Ahead of the European Championships, Joachim Loew faces a task that Germany coaches haven't had to consider for some time: How to build a solid midfield. The team's traditional motor is showing signs of sputtering.
"I will find a way to balance this team"
Aware that the trip to the European Championships this summer will be the biggest test in his two-year tenure at the helm of the German men's soccer team, Joachim Loew started his preparations on Monday, May 19, with more than a week of double sessions for 26 Germany players.
After cruising through the qualifying stages to become the first team with a ticket to the finals, which run from June 7-29, three-time Euro title holders Germany are among the favorites to win the 16-team tournament.
"Now the serious work begins for us of choosing a team for the European championships," Loew said when he announced the team on May 16. "We want to exhaust all possibilities in the enlarged squad and we have the luxury of a training camp to scrutinize players. We need to see how players cope under pressure."
Unlike the pressure of taking the pitch against Germany's Group B opponents Poland, Croatia and Austria, the players will face more difficult competition from their German teammates as three of the 26 players training on the Spanish island of Majorca will be cut from the roster by May 28.
Spoilt for choice up front
Podolski and Klose hope to continue working together for Germany this summer
A total of six strikers are taking part in nine-day training session leaving Loew with the decision of which to put up front during the tournament.
World Cup veterans Miroslav Klose and Lukas Podolski as well as relative national team newcomer Mario Gomez and on-again-off-again Kevin Kuranyi look to have secured spots in the center circle for Germany. But they're going to face stiff competition from ambitious second-division strikers looking to earn a position or make their way back on the national side.
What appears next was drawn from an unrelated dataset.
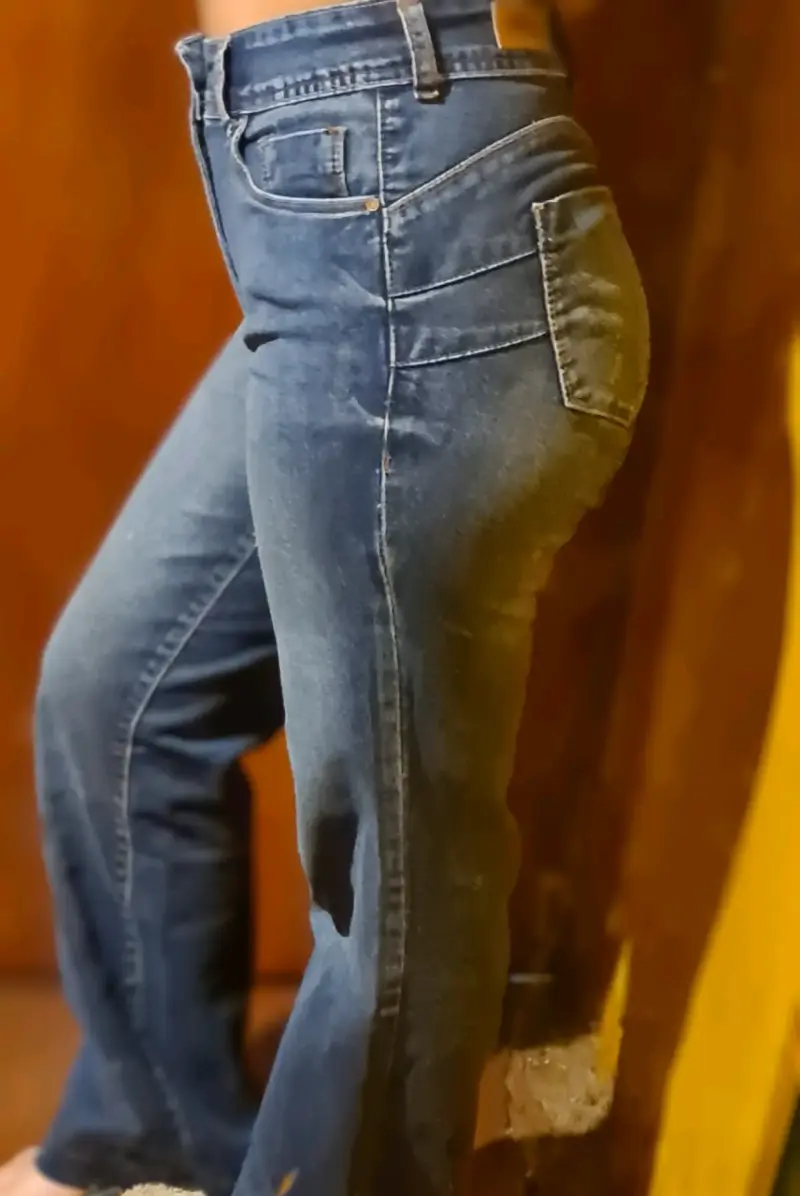 Jeans de Mujer Azul Tiro Alto tela elásticada - 4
With 66 caps to his name, Oliver Neuville is the most experienced of the trio of forwards gunning for a spot on Loew's list. He can expect pressure from teenage teammate Marko Marin, a surprise midfield nomination who has made a name for himself on the Under-21 team, and Patrick Helmes, who has earned four caps for Germany.
Loew can count on Ballack in the midfield but other question marks remain
While Loew and his staff will have to choose among a number of strikers near the top of their game, the coach's midfield options have put in less inspiring performances with their club teams this season.
Other than captain Michael Ballack, whose participation the Champions League final with Chelsea means he'll be late to arrive at training on Majorca, Loew's preliminary midfield selection does not appear as strong as German sides of the past and -- other than 19-year-old Marin -- contains no real surprises.
While it was a slipped disk has put long-time stalwart midfield Bernd Schneider out of the Euro 2008 line-up, it remains unclear if a series of injuries has caused Werder Bremen captain Torsten Frings' performance to slip this season or if the 31-year-old's career is beginning its decent.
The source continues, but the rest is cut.